De acordo com a doutrina existem três modelos de solução de conflitos criminais: o modelo dissuasório ou clássico, o ressocializador; e o modelo consensuado O modelo clássico, fundado exclusivamente na resposta punitiva-retributiva estatal, trata o direito punitivo penal como o único meio de reprovação e prevenção de delitos.
O modelo ressocializador, por sua vez, atribui à pena privativa de liberdade a eficácia máxima de combate à criminalidade, por meio da ideia de prevenção especial positiva, que se alcança com a ressocialização do infrator.
Já o modelo consensuado é classificado como restaurativo, quando se alcança a reparação dos danos à vítima como forma de pacificação social; ou negociado, quando a solução do conflito de interesses, que envolve a tutela do Direito Penal, se alcança por meio da colaboração do acusado no curso do processo, em troca de imunidades processuais e mesmo materiais.
A colaboração premiada, instituto jurídico oriundo do modelo negociado de justiça penal, no entanto, não é objeto de discurso unânime quanto às suas virtudes; antes, é objeto de divergências doutrinárias que, com frequência, abandonam os tribunais, alcançando as páginas dos jornais nacionais e a imprensa televisionada.

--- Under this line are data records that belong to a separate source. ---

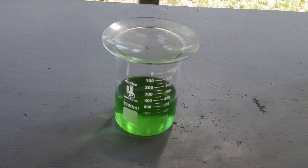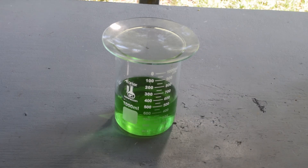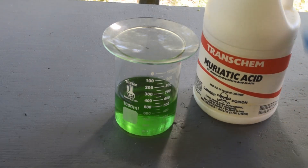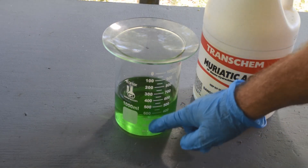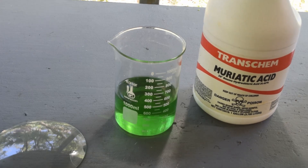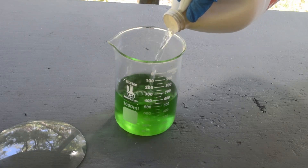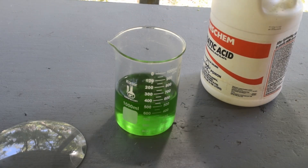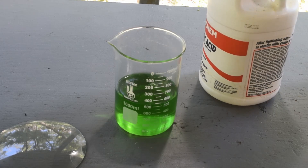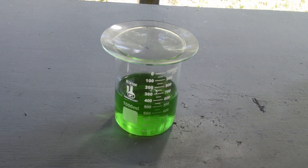The first thing I'm going to do — because I've learned a lesson from the last video — is re-acidify this stuff a bit. This was rehydrated with just distilled water, so there isn't any hydrochloric acid in here. I'm going to put in maybe 50 milliliters, just to make sure it's good and acidic again before we start adding zinc. That should help the reaction along and eliminate any excess zinc.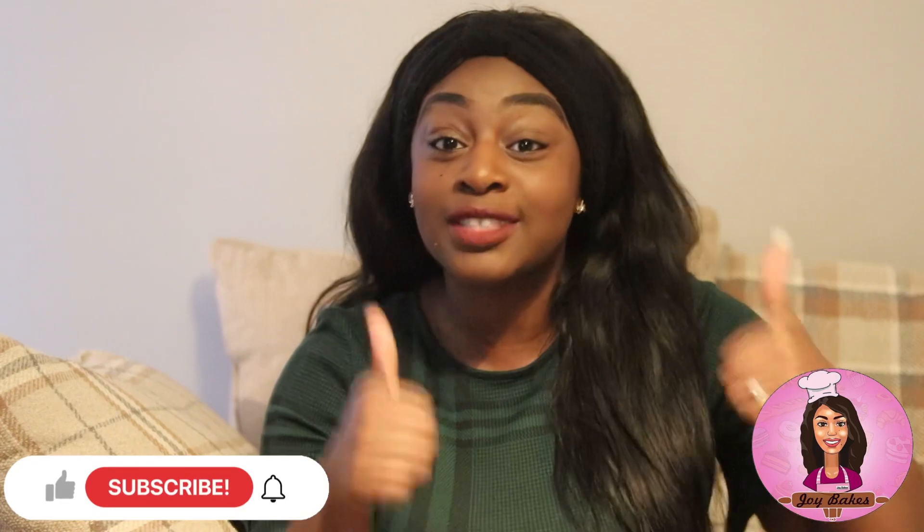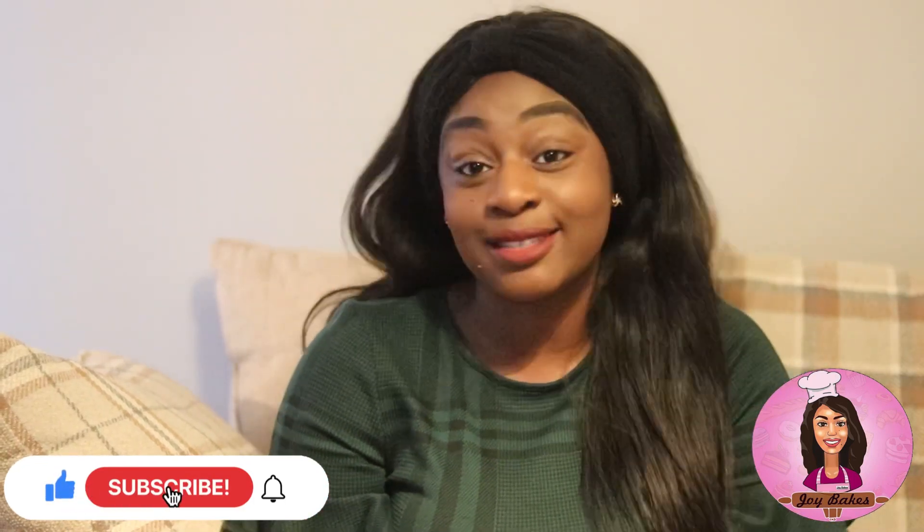Before you go to watch it, please don't forget to give it a thumbs up, comment, share, and subscribe. Enjoy!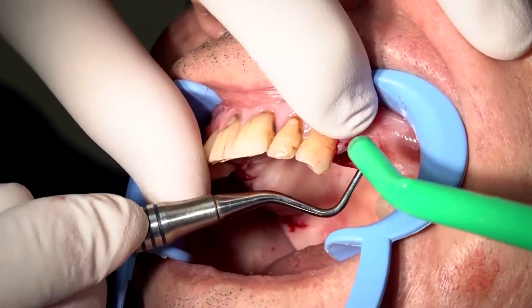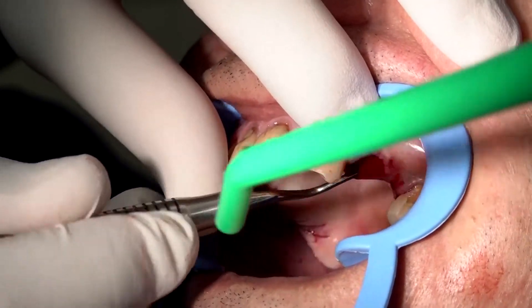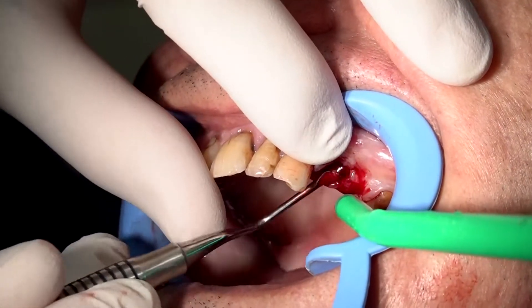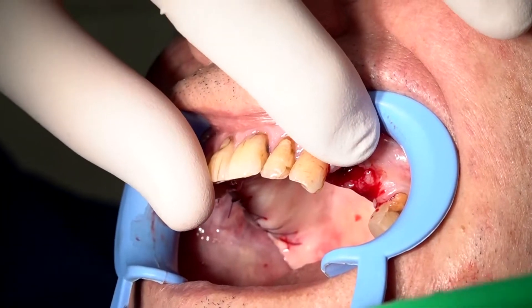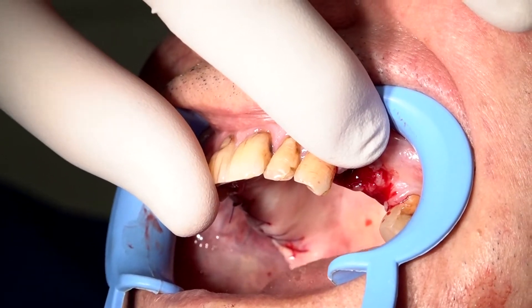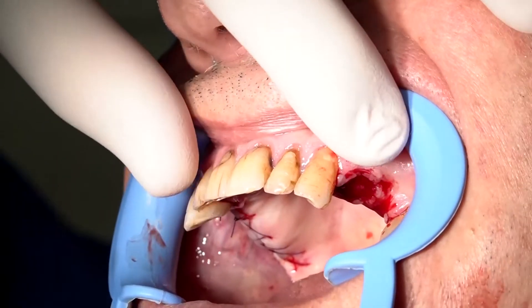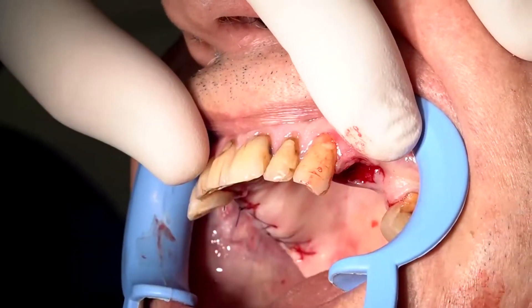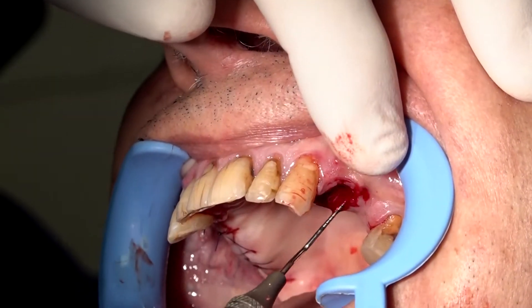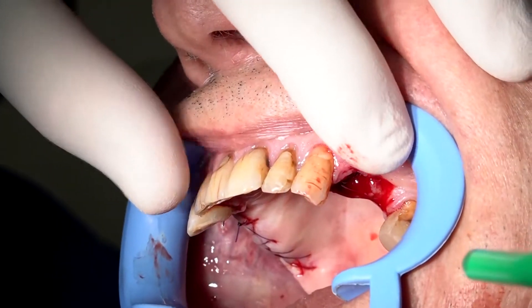It is very important to clean the socket and to remove all of the granulation tissue. We check and we can see as well that there is no buccal plate here.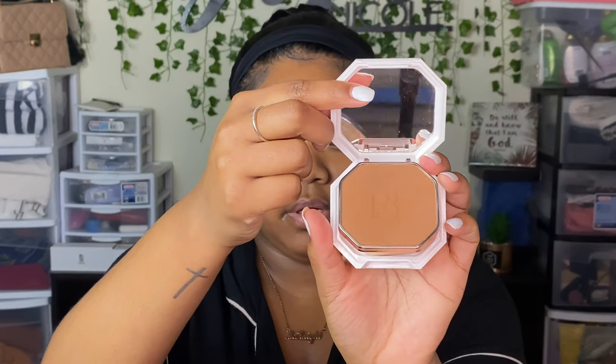I went ahead and repackaged it, but this is what it looks like — it has this white octagon shape. You open it up and there's a top mirror, the product, and then you flip it up and there's a more zoomed-in mirror and then the sponge. We're going to jump into this review slash tutorial.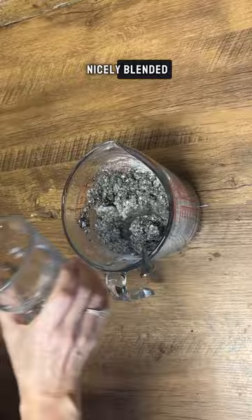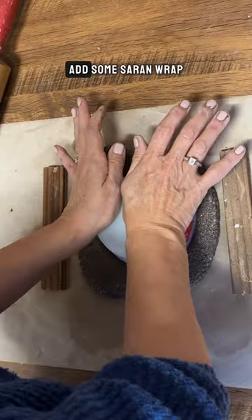Once you've got the mixture just right, take a bowl, shape the clay around it, add some saran wrap so it doesn't stick to the bowl, and let it dry.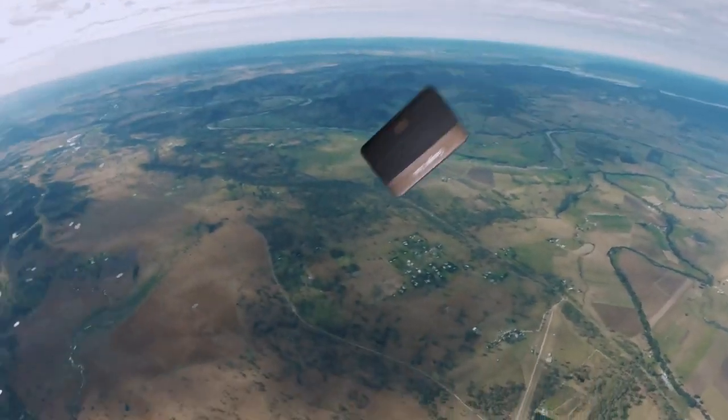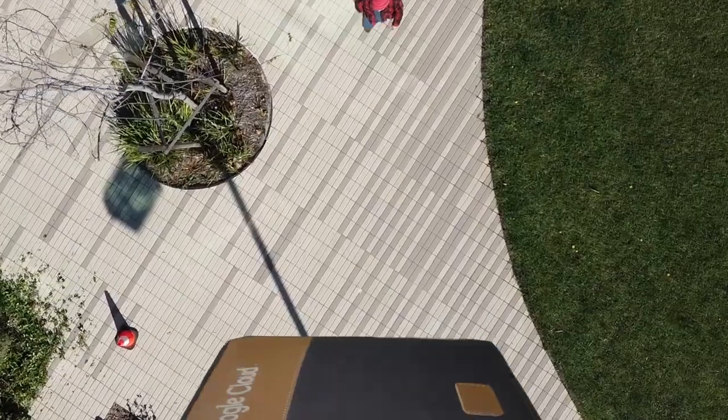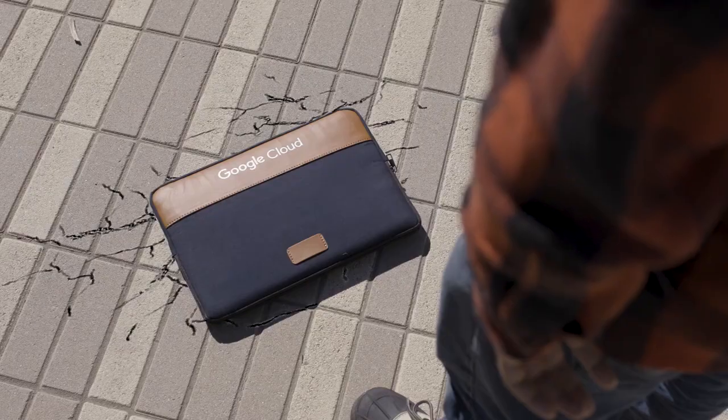We don't recommend dropping your laptop from the height of cirrus clouds — that's 15,000 to 30,000 feet. But we do recommend protecting your device with the new Cirrus laptop sleeve.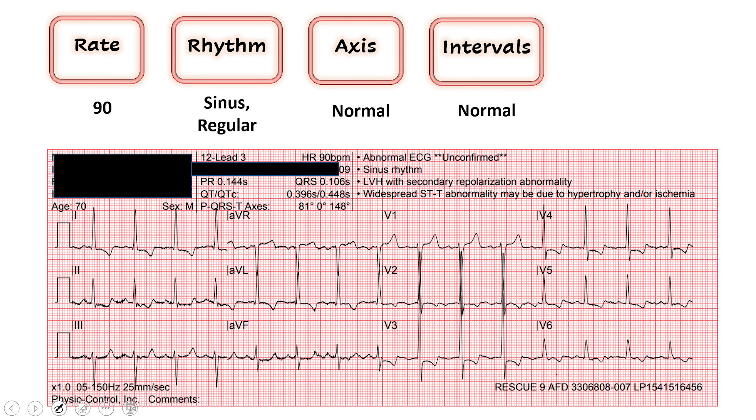Next we move on to intervals. We look at our QRS to see if it's wide or narrow. A wide QRS is defined as greater than 120 milliseconds. Ours is 106, so narrow complex — that's good. And then our QTc is another very important interval. We want that to be less than 450. Remember, if it's greater than 500 our patient is at risk for spontaneous arrhythmias. Both of these look good in terms of intervals.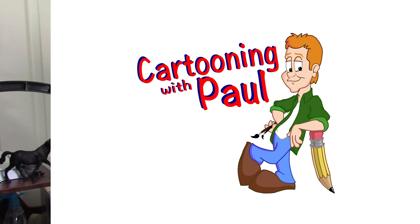Hello guys, welcome to Cartooning with Paul. Today I'm going to show you how to draw Two-Face from Batman the Animated Series. You seem to be really, really enjoying those Batman the Animated Series how-to videos I've been doing.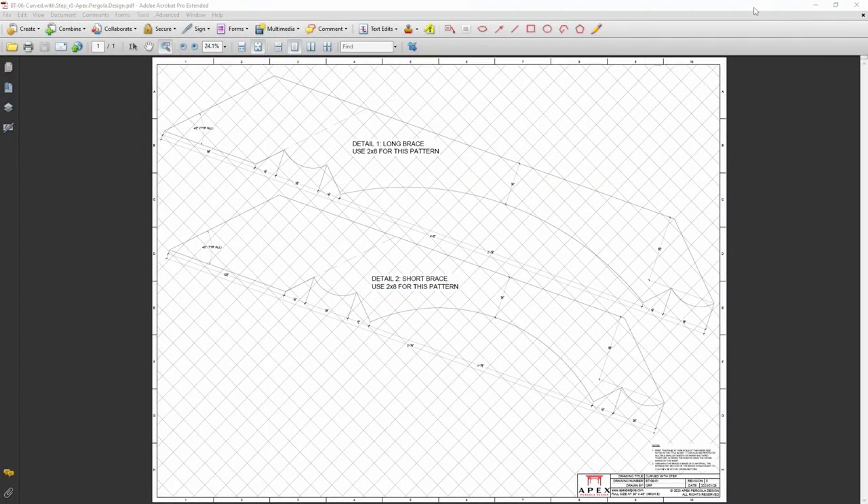These are available as PDF files, like what's shown here. You can see that this pattern is full size at 36 by 48, which is not a paper size typically available in home printers. You have two choices: one, send the pattern to a print shop and have them run it off quickly, or two, do a poster print using a smaller paper size.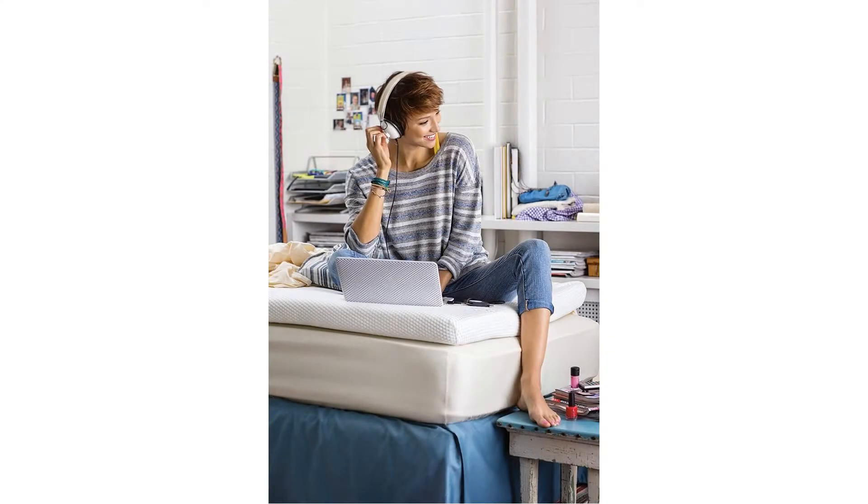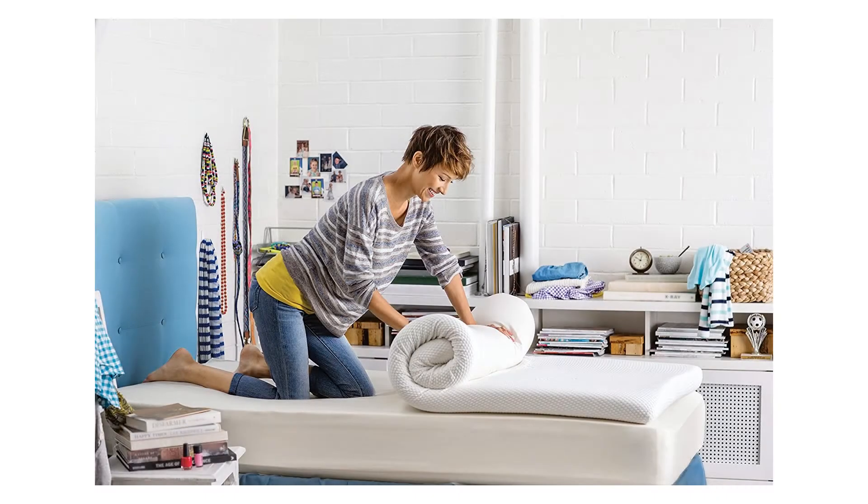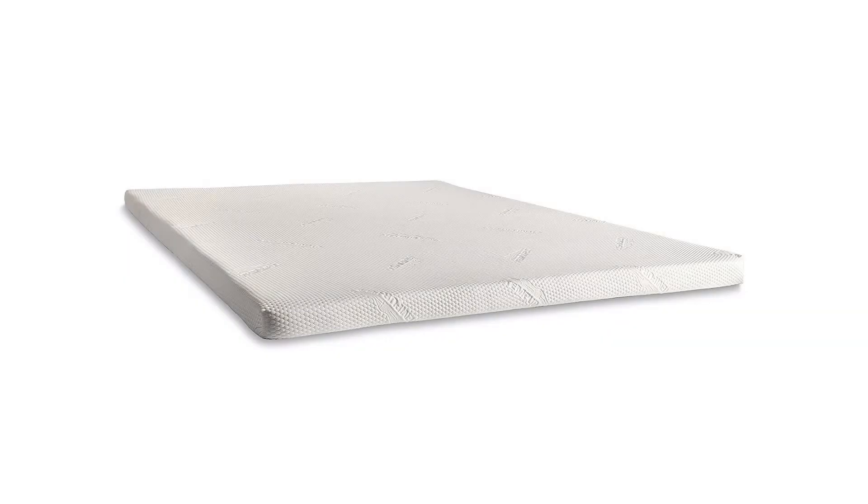Whether you bring the comfort with you on your travels or simply use it to make a spring mattress cushier, it is a versatile addition to any lifestyle, covered by a 10-year limited warranty.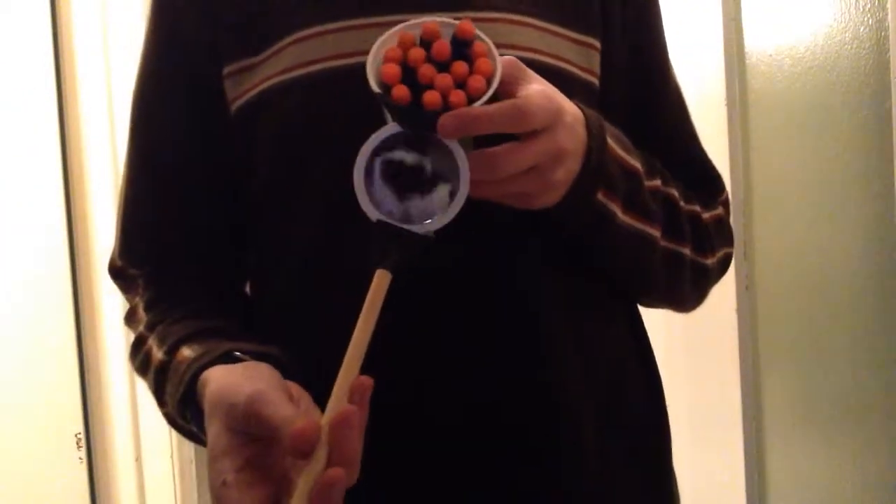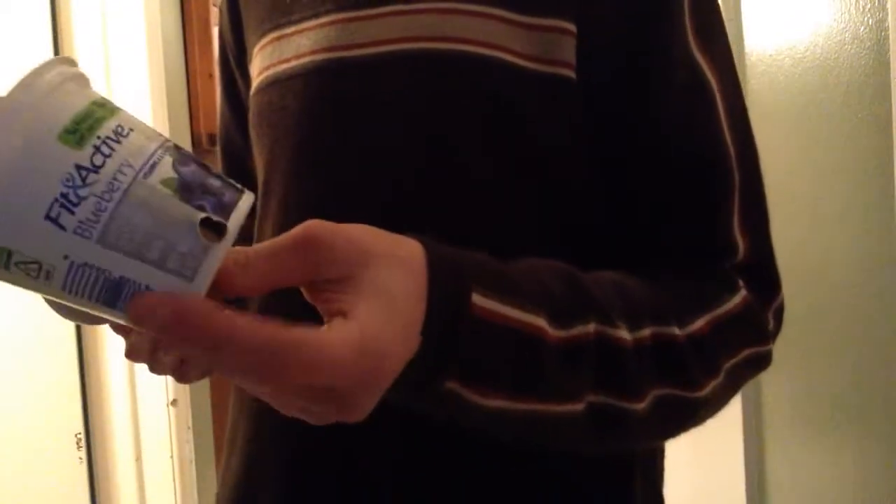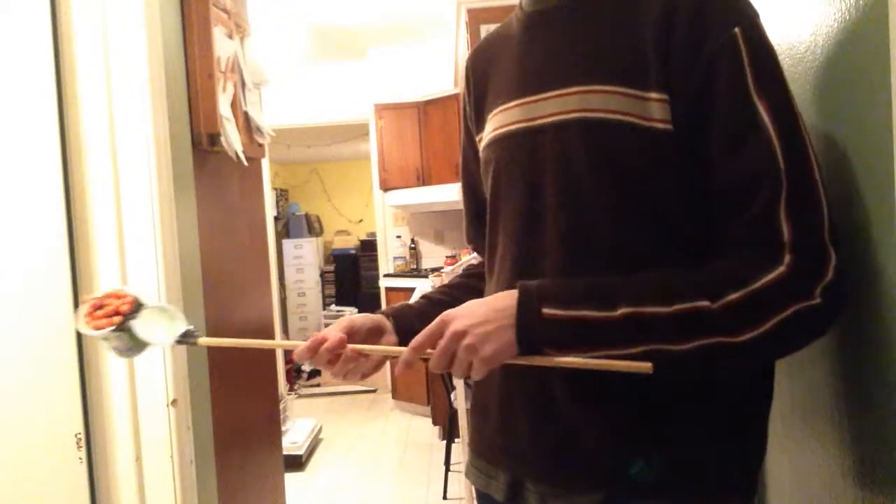If you can't see, I have a mirror attached there, and then a yogurt cup which is filled with darts. The reason for the mirror is I can poke this around corners, see if there's any people around there, and then once they're around there, I swing this around, which flings darts — a shotgun blast of around 10 or 12 darts in their direction. So I'll demonstrate that now.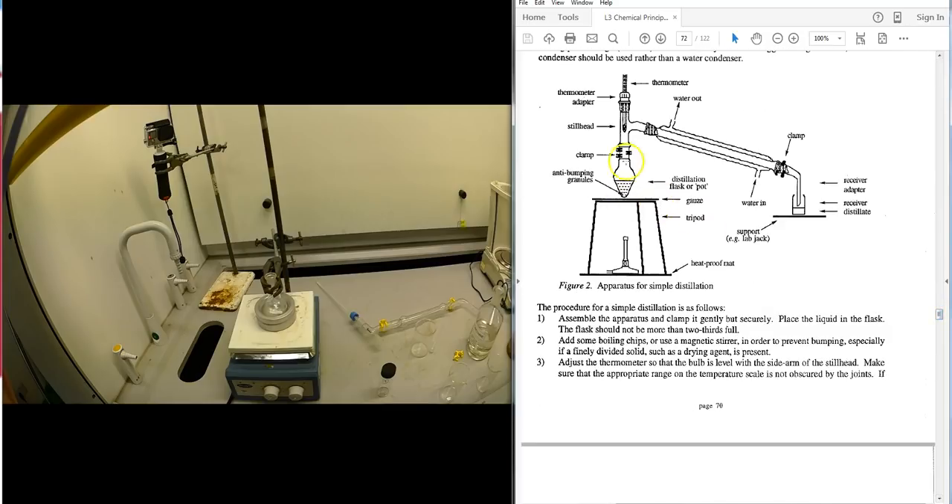For the distillation setup, a heating mantle replaces the old Bunsen burner and gauze method. A round bottom or pear-shaped flask is used with anti-bumping granules or a magnetic flea. The still head, thermometer with adapter, and condenser are all clipped together. Note that the thermometer bulb should be positioned at the middle part of the still head where it meets the condenser.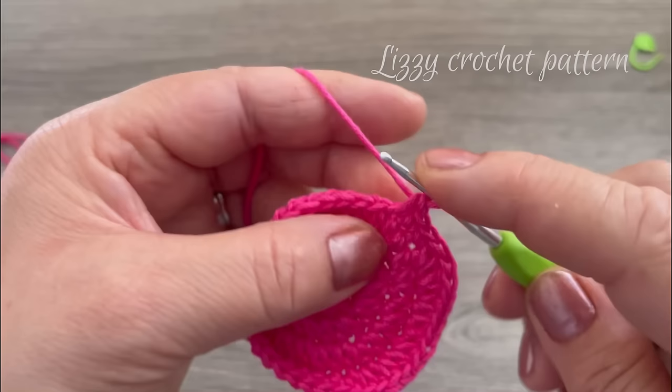We are done with round four. For round five — this is the last round — chain one, go back to the same space and make one single crochet. Keep making one single crochet until you have eleven — count one through eleven single crochets.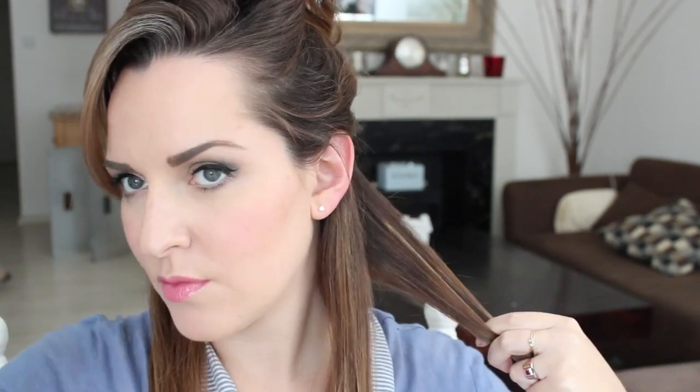Then I move on to my straightener. I start off by sectioning my hair — because my hair is thick, if yours is not so thick you might not need to section it as much. But what I think is really important when straightening your hair is to properly comb out each section before you actually apply the straightener, because it distributes the heat more evenly and you only have to go over each piece once.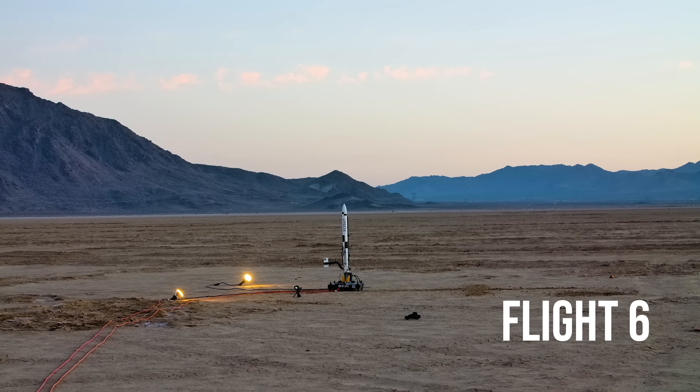Sometimes it's worth digging deep into this stuff and spending a long time to find exactly what the bug is, and sometimes you've been working on the same rocket for six months and you're ready to move on. In the spirit of that, I said screw it — I multiplied the control gains by two and went out to the launch site to try again.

Os principais problemas da colaboração premiada, dentre outros, são apontados por Lênio Streck, jurista gaúcho:
1º) a delação premiada pode servir como mecanismo de pressão sobre o delator, pois esse tipo de ato viola o direito constitucional do cidadão de não ser obrigado a fazer prova contra si mesmo;
2º) a colaboração premiada vem servindo como instrumento para decisões consequencialistas. Isto é, com a finalidade de combater a criminalidade, justifica-se a flexibilização de garantias processuais;
3º) a colaboração premiada pode flexibilizar o caráter de indisponibilidade da ação penal, permitindo-se que o Estado negocie o seu papel de interdição e aplicação da lei penal;
4º) a supressão do processo judicial e suas garantias pela aceleração procedimental dos espaços de consenso são fatores utilitaristas, consequencialistas. Permitir que o órgão acusatório negocie a pena com o cidadão investigado pode violar o pressuposto fundamental da jurisdição, pois a violência repressiva da pena não passa mais pelo controle jurisdicional;
5º) ainda que o artigo 4º da Lei 12.850/13 [sobre organizações criminosas] permita o perdão judicial ou a redução da pena em até dois terços ou a substituição por restritiva de direitos, não há uma criteriologia para estabelecer precisamente qual o prêmio do delator;
6º) não se sabe se o imputado tem direito ao acordo com o Poder Público ou se é um mero poder discricionário — de novo, o problema dos limites e dos critérios.
Não obstante as críticas que se faz ao aludido instituto de justiça penal negociada, a colaboração premiada é instituto de direito criminal (material e processual), previsto no capítulo II da Lei nº 12.850/13 (Lei da Organização Criminosa), intitulado “Da investigação e dos meios de obtenção de prova”.
A previsão legal para seu surgimento no ordenamento jurídico brasileiro se deu com a promulgação da Convenção das Nações Unidas contra a Corrupção, adotada pela Assembleia Geral das Nações Unidas em 31 de outubro de 2003, e assinada pelo Brasil em 9 de dezembro de 2003.
A aludida convenção, também conhecida como Convenção de Mérida, previa, em seu art. 37, a adoção de medidas que importassem na redução da pena de toda pessoa acusada que colaborasse com o esclarecimento do fato criminoso, inclusive pela concessão de imunidades judiciais.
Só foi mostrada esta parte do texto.